----- Recorded information

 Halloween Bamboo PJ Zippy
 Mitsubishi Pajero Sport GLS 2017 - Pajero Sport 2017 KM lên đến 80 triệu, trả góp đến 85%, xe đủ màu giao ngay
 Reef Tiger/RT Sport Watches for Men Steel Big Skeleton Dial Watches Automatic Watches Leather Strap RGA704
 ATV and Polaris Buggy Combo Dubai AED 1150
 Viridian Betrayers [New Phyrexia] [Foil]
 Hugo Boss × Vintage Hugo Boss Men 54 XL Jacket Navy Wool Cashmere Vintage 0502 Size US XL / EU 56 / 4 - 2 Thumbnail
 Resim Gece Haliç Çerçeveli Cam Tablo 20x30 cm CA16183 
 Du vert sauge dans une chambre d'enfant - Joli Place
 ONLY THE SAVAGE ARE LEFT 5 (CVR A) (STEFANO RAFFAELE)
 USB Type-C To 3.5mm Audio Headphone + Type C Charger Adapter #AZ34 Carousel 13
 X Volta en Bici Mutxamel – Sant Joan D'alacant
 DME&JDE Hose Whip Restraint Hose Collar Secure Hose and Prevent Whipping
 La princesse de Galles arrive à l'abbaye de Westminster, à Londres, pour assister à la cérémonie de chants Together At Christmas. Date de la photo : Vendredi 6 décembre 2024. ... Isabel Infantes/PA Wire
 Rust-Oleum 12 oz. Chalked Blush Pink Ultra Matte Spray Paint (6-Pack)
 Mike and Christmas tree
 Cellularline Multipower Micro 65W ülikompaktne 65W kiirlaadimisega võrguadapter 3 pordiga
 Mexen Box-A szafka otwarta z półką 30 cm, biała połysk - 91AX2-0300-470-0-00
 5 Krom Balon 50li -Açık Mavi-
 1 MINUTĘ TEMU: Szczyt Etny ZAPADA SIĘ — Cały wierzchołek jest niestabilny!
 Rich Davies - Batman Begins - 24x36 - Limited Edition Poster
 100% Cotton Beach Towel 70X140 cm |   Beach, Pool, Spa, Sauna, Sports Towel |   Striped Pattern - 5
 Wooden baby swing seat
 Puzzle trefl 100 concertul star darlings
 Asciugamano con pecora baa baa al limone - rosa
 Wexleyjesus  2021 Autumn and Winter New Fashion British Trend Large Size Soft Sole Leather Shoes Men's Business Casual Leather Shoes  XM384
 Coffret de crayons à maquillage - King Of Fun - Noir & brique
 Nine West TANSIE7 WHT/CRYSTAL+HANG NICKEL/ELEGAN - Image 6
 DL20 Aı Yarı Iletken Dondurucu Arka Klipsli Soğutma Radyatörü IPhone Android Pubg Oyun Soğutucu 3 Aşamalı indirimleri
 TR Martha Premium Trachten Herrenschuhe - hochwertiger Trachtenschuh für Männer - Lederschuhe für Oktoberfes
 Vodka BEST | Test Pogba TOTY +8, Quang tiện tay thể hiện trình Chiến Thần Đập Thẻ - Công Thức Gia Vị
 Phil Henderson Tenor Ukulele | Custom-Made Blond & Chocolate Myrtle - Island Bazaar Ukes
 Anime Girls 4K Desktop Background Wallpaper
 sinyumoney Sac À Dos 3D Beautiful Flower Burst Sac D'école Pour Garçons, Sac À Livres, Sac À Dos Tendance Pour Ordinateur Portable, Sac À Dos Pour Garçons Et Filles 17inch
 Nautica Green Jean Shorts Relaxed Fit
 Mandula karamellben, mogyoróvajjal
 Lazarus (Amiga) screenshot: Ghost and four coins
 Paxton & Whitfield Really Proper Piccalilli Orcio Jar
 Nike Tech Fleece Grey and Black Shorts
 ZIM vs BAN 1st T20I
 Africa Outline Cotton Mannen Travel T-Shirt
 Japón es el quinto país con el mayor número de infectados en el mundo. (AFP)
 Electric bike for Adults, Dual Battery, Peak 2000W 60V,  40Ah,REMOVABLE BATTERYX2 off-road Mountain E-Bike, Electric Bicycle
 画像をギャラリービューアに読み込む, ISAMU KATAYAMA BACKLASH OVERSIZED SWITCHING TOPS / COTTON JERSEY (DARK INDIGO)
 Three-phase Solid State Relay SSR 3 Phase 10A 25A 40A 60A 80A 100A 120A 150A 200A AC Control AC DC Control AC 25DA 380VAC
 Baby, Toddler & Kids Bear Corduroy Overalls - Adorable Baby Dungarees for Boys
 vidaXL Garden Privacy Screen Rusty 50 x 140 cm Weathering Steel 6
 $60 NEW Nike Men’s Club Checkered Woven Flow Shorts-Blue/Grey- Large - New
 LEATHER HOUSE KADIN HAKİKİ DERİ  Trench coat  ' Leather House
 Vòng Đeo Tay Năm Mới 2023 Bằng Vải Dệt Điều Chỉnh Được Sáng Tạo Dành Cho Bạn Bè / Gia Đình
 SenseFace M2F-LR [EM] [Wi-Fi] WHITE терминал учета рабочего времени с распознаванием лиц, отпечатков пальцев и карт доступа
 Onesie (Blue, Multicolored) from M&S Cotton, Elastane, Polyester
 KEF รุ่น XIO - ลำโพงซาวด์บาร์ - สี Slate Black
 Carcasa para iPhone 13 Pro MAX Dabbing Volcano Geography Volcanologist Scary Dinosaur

----------

-- Work request --
In the records above, how many lines include "Steel"? Give that number and nothing more.

-- Response box --
2